Dox Thrash, Saturday Night, c. 1944-45, etching. Courtesy of Dolan/Maxwell.
Philadelphia-based artist Dox Thrash (1893–1965) was both a pioneering printmaker and a noted participant in the “New Negro” movement of the 1930s and ’40s. A veteran of World War I as well as the minstrel stage, he trained at the School of the Art Institute of Chicago before making his way to Philadelphia, where he ultimately forged a career as both a painter and a graphic artist.
In 1937, Thrash signed on for employment with the Federal Art Project’s Fine Print Workshop. There, while working with fellow artists Hugh Mesibov and Michael Gallagher, he began to experiment with a new approach to intaglio printmaking, which today is known as the carborundum mezzotint process. With its broad tonal range, the new process was ideally suited to the sensitive portrayals of Black life for which Thrash would become known.

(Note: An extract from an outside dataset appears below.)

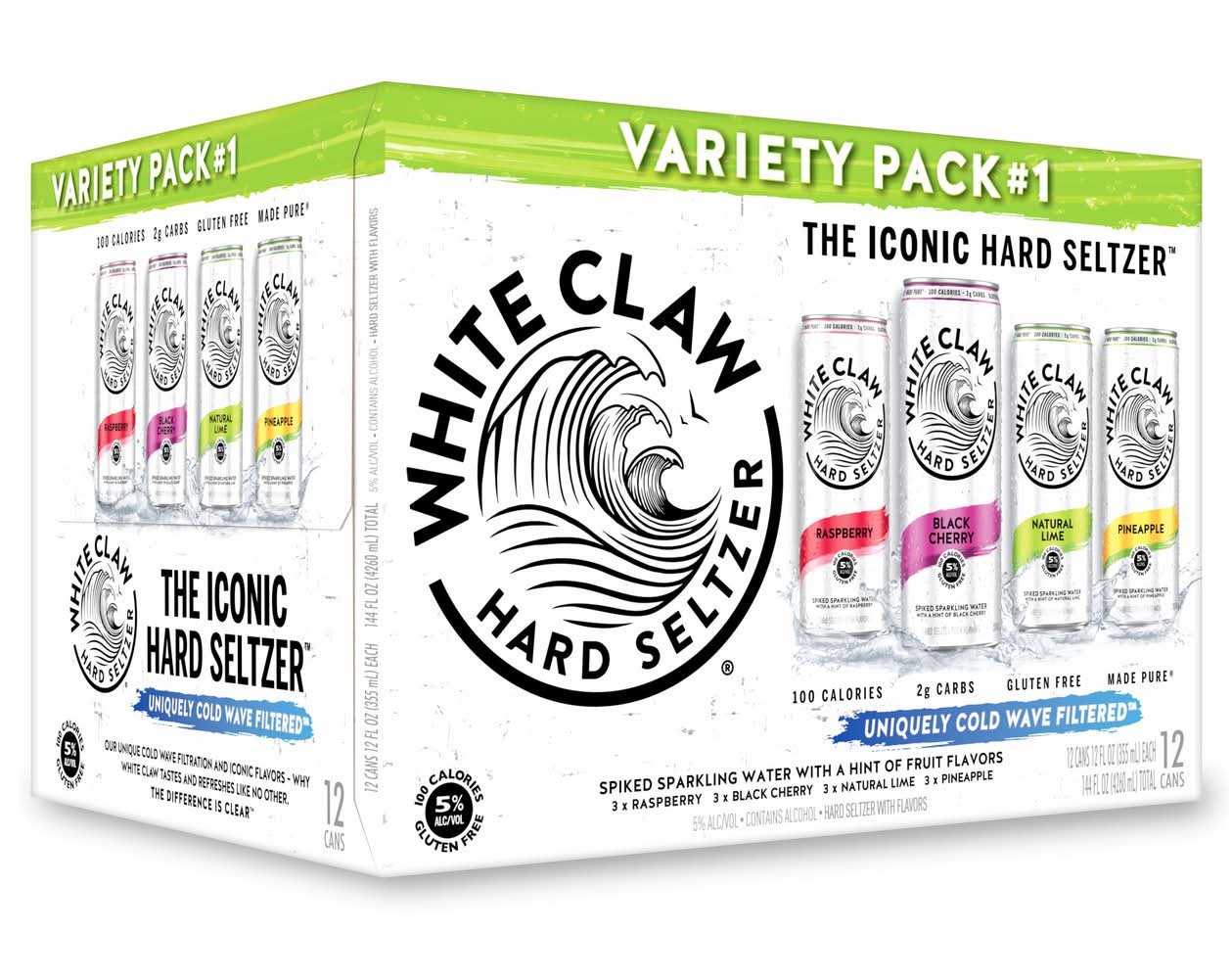 White Claw The Iconic Hard Seltzer, Assorted (12 x 12 fl oz)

Dox Thrash, Black Life, and the Carborundum Mezzotint brings together numerous examples of the experimental process by Thrash and other colleagues working in the Fine Print Workshop. Also on view are works by Thrash in other print mediums, as well as watercolors and drawings, all of which powerfully document the artist’s intimate, invested engagement with African American culture in the middle decades of the twentieth century.
The exhibition was organized with Dolan/Maxwell.